I was in my ship underwater, headed for one of the aqua-docks. The missle hadn’t damaged my ship that much. They had followed me from the hangar. We would have to go back again, judging from what the scan had shown me. They had put ships around me to block my exit routes.

Instead of simply going around them, I had turned around. The ship I had headed for had its name inscribed in bold letters. TELYON. It had fired 2 Nimbus missiles at me. One had missed. The other had clipped my right wing, then sensing the shield’s power surge, had spread around my ship with its net. I had read up on Nimbus missiles once. They drained your shields very quickly. My shields were almost drained. So I had turned them off. The missle fell and incinerated.

Then 2 Angelflame missiles came. They hit my starboard wing. The engines were still usable, but just barely. The starboard wing was completely gone. As I was tumbling to the ocean, I had pressed the submersible button. The Vipers were made to be subs, as well as space fighters. The Viper had changed before I hit the water. They obviously didn’t know that, otherwise, they would have destroyed me before I hit the water. I put the Viper on autopilot. I would be safe until I reached the dock.

– Major Morvagim

6.4.3. 16:15

We were on our way out of atmosphere, but nagging doubt clawed at my mind. That guy seemed a bit too willing to crash to his certain and excessively painful doom. No dipping the flaps, no pulling up, no revenge shots at us just before death, in fact, he seemed to me to have lined up to go underwater. Something didn’t sit right with me about this.

The last time I had gotten a feeling like this one, was when we were firing at a small assassination ship, and it vanished.But I had had that feeling and I scanned the area. Data showed something peculiar. By the time it worked out, we discovered a larger, cloaked ship had spread a cloak extension around it, when that use was unknown. It saved the lives of the crew, and quite possibly our most valuable agricultural community. My suspicions gained even more credibility when my targeting officer in charge of Angelflames commented that the ship seemed to change form just before it hit the water.

I didn’t like this at all. And such a good pilot could pose a serious inconvenience to the cause. I gave the order to turn around, and call some backup. I contacted Invasion Base. Commander Hollisas, captain of a large blockade runner/troop transport, the H.S. Sholvis, answered. “Commander Hollisas, I need a question answered. I have a severely unpleasant hunch about something. How far has their submersible technology advanced?”

“Funny you should mention that. I just got a report from the people studying the captured ships, and they say a remarkable 75% can double as submersibles, including all their major fighters.”

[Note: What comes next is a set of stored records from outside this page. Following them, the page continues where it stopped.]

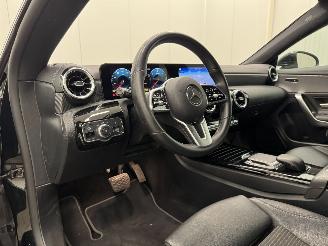 Mercedes Cla-klasse Shooting Brake 200d Autom. Navi Clima picture 7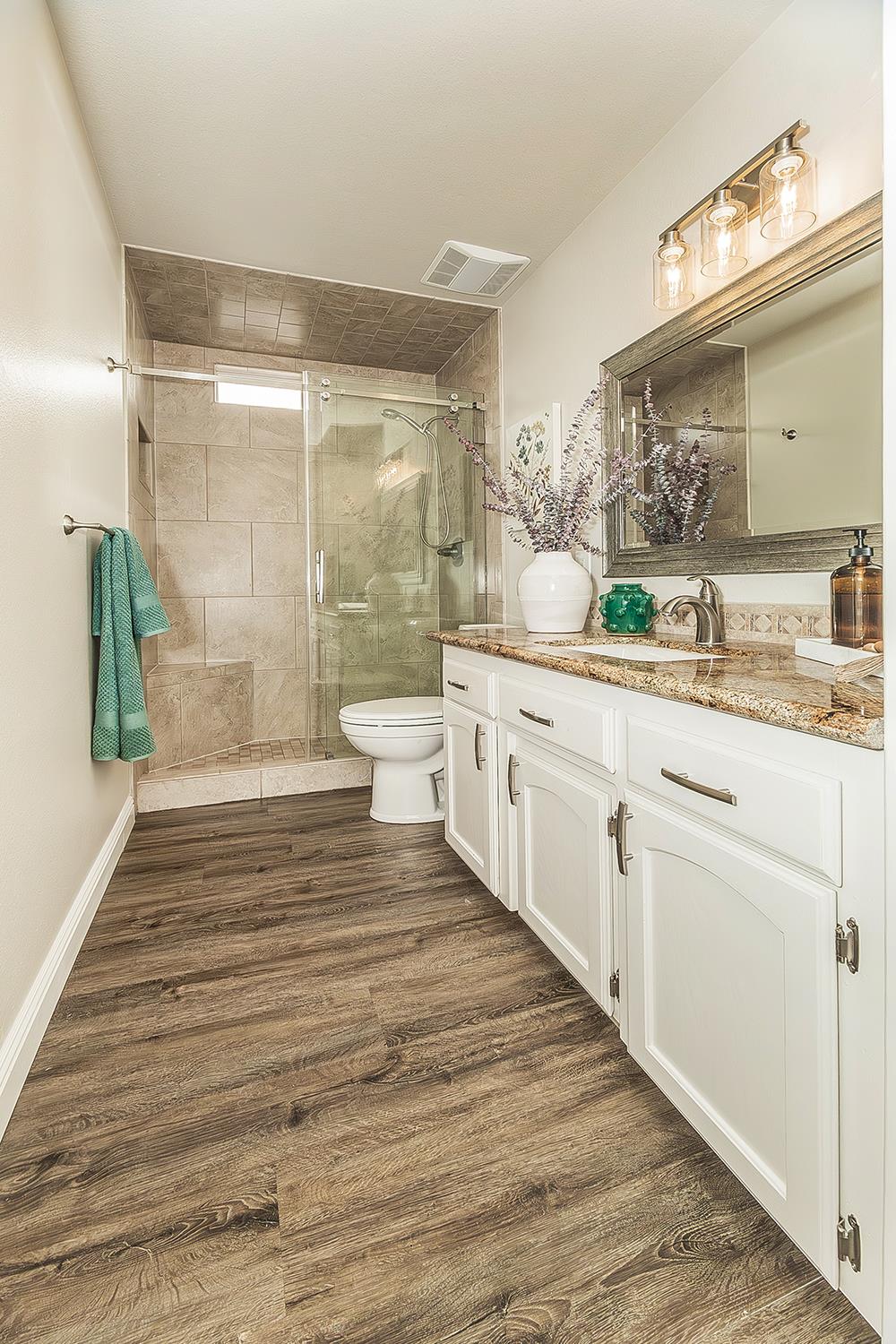 1636 E Solar Ave, Fresno, CA 93720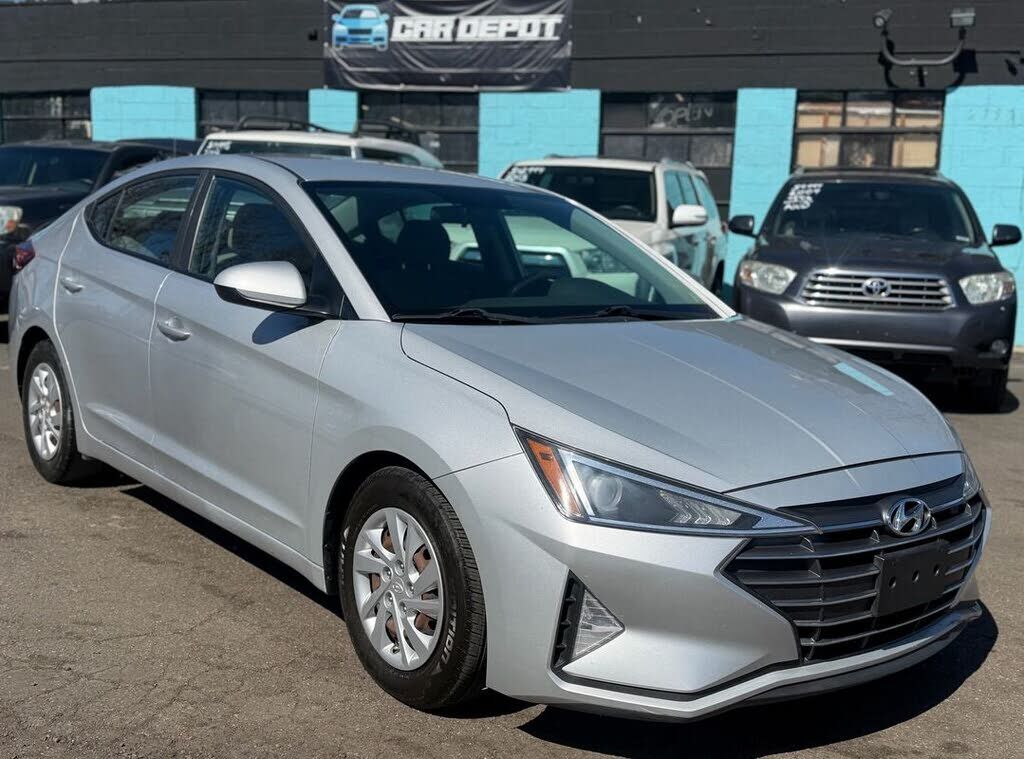 2019 HYUNDAI Elantra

“Tesh! I was right! OK, Apparently they now have extensive underwater systems up. This is an unforeseen delay. I’m not sure we have the equipment to deal with an underwater strike force. However, they don’t need to know that. I’ll send to the home base, and by the time we capture their land forces, we can move on to oceanic warfare. Unfortunately, we can’t go after the little fremek now. I think everything is ready for stage III. Are your men in position?”

He nodded confidently. “We have captured all the stations we’ll need for step III, and I have calculated an 89% chance of success.”

“Good,” I said. “Time to pull in the rest of the fleet.”

“All!?”

“Yes, Tanchor,” I said, addressing him by his first name. “The whole thing.”

-Captain Phinirri

[Notes] Remember what I said earlier about Josh just playing catchup? Yeah, it’s starting to show badly. He spent half of a segment just recounting the previous battle that I had JUST DESCRIBED, while changing almost nothing.

Although I must say it’s pretty clear we were both just kind of sniping each other. “Ha, you fell into my clever scheme! I WANTED you to destroy my hanger!”

“Oh yeah? well that’s what I wanted you to think, you’ve fallen into my trap!’

And so on and so forth. At least I was trying.